A study conducted by World Health Organisation (WHO) on 1,600 cities revealed that Delhi was the most polluted capital and thirteen of the dirtiest 20 cities worldwide were in India. Another study, conducted by economists and public policy experts from Energy Policy Institute at Chicago, Yale and Harvard University showed that India’s poor air quality reduces life span of the average citizen by 3.2 years.

The AQI may prove to be a major initiative for improving air quality in urban areas as it would enhance public awareness and involvement and create a competitive environment among cities to take steps for air pollution-mitigation.

According to Centre for Science and Environment (CSE), it an important step forward for building awareness and protecting public health and this is an appropriate time to push for aggressive and time –bound action in Delhi and other Indian cities to meet clean air standards and reduce the public health risk.

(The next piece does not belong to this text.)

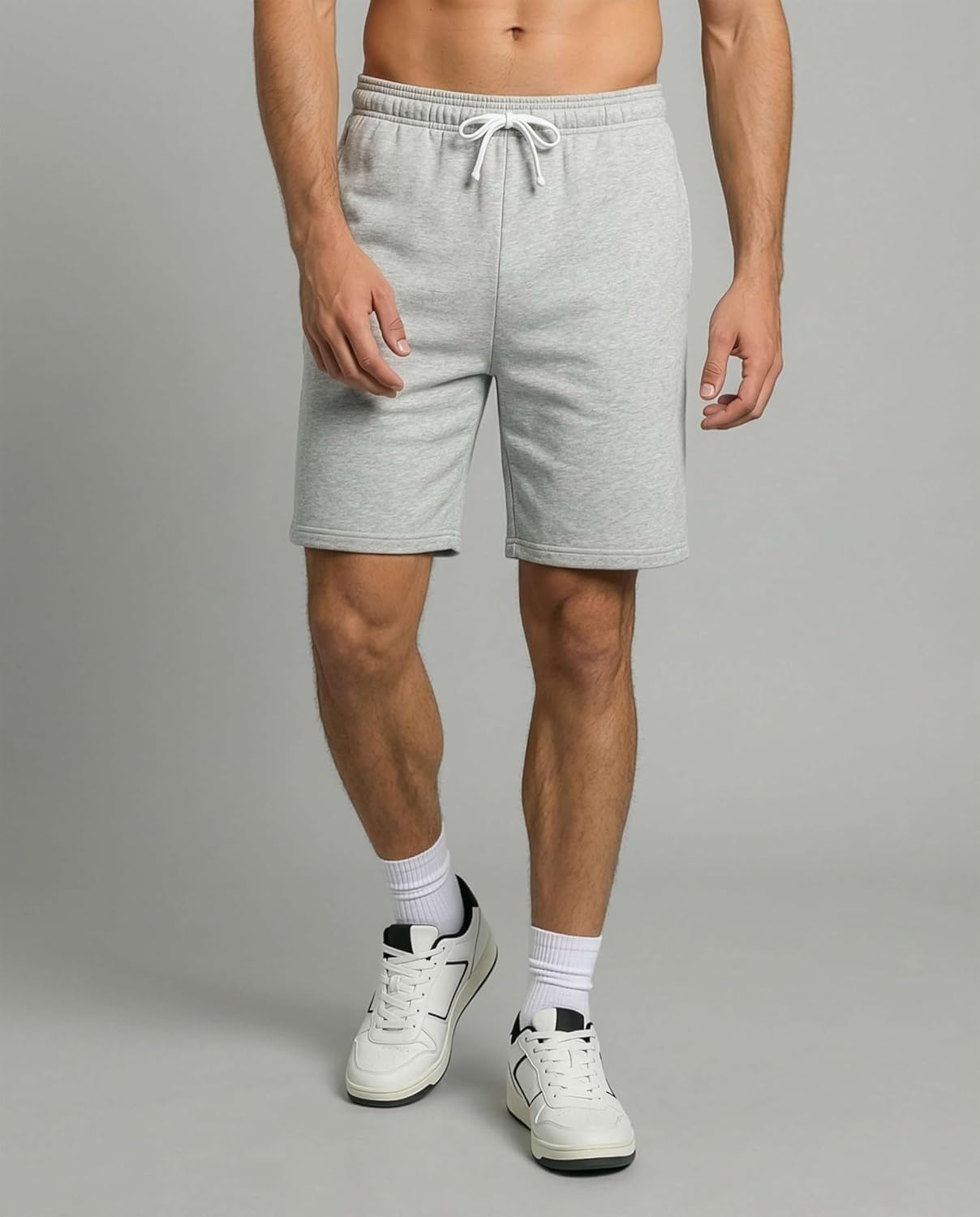 Real Essentials Men's 9" Cotton Fleece Sweat Shorts - Casual Gym, Lounge & Sleep Shorts with Pockets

Also with this step, India has joined the global league of countries like the US, China, Mexico and France that have implemented smog alert systems. These countries not only issue smog alerts, but also implement pollution emergency measures to bring down peak pollution levels.

The Index is based on five chief pollutants – particulate matter with a diameter less than 10 micrometers (PM10), particulate matter with a diameter of less than 2.5 micrometers (PM2.5), ozone (O3), nitrogen dioxide (NO2), and carbon monoxide (CO). A monitoring station will give the concentration of a particular pollutant and its average over a period of time – for CO and O3, the average is taken over eight hours, while for the other three, it is a 24-hour average. The unit of measurement is microgram (or milligram in the case of CO) per cubic meter. The AQI takes multiple data on pollution already available with the country’s Central Pollution Control Board (CPCB) and presents it as a colour coded scale with six levels.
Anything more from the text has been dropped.